The ambience of Biera is pleasant, contemporary iron, wood and floor-to-ceiling glass, built around the gleaming steel tanks of Blind Enthusiasm beer. Excluding the summer patio, within the open high-ceiling space are some 100 seats in four distinct areas. The service was acceptable, but not friendly. Is it “cool” in trendy restaurants for servers to be disengaged, or are they simply not trained?

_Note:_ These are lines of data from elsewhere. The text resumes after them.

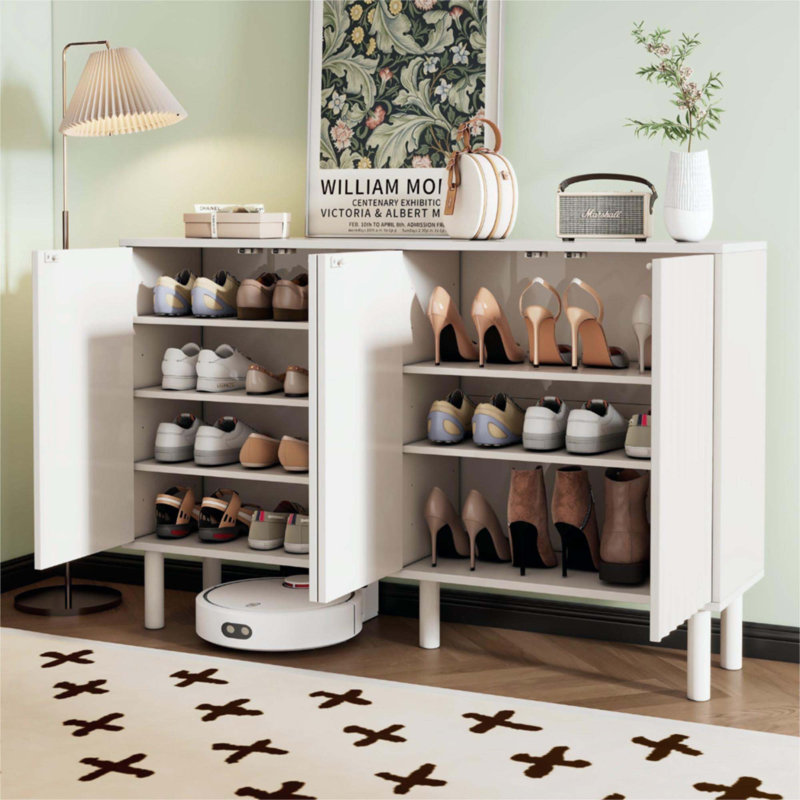 Armoire à chaussures minimaliste avec 5 pieds en bois massif, Blanc
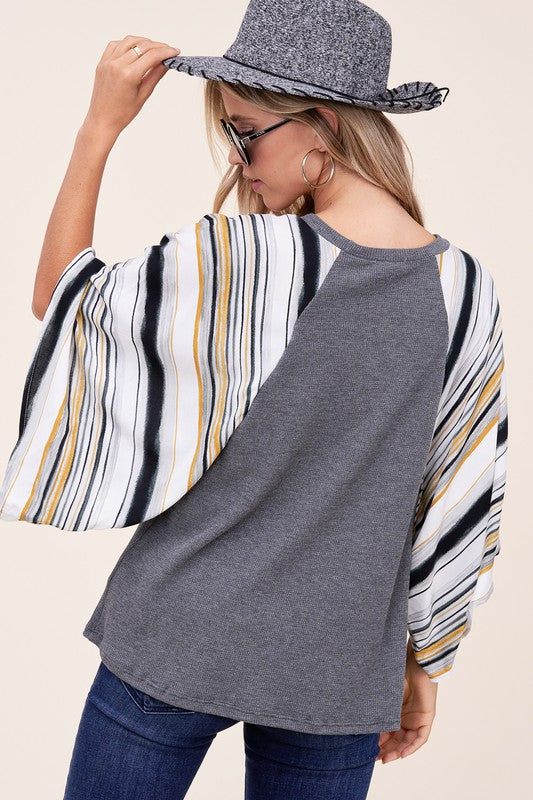 WAFFLE STRIPE MIX KIMONO TOP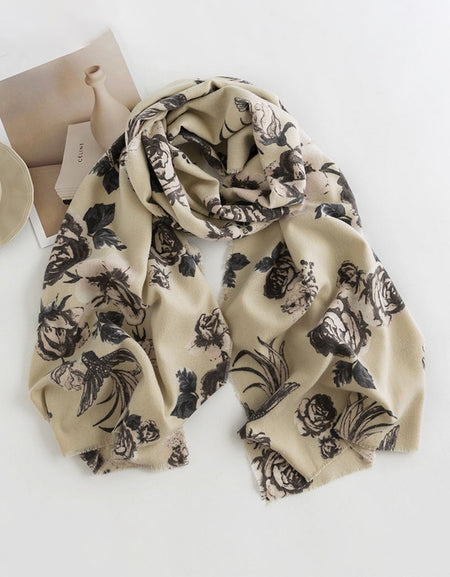 Warm Rose Print Tassel Scarf-Beige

It was a distressing night, being so disappointed — especially after reading my own very enthusiastic review from three years ago. It’s understood that top quality costs more, but in Biera’s case — a few teaspoons of scallop for $22, fragments of trout for $22, two to three ounces of rib for $33, $6 for a slice of bread — prices are simply too high.
FOOD NOTES
Downtown Dining Week starts Wednesday March 11 to Sunday March 22 at 50 participating downtown restaurants with most of the better downtown restaurants taking part. Each restaurant offers a $20 two-course lunch or brunch, or a three-course dinner for $35 or $50. Full menus and details at edmontondowntown.com/diningweek. Make reservations quickly. The best restaurants fill up fast.
Atlas Steak + Fish in the Grand Villa Casino is part of the Downtown Dining Week. I recently dined in its twin-sister restaurant — Atlas in the west-end Starlight Casino. The formality was refreshing. The food, while very classic, was first-class.
Equally enjoyable was a family dinner at Tony Saporito’s Nello’s Downtown, which was Il Pasticcio until proprietor Nello Saporito, Tony’s dad, passed on. Nello’s Downtown continues the Il Pasticcio tradition of friendly service, big portions and delicious, made-from-scratch, traditional Italian cuisine.
Fast food: the A&W bison burger lives up to its hype, with a big, rich and very juicy (surprising for bison) patty topped with seasoned slow-cooked onions. Sadly the A&W cod burger is just another fish filet sandwich.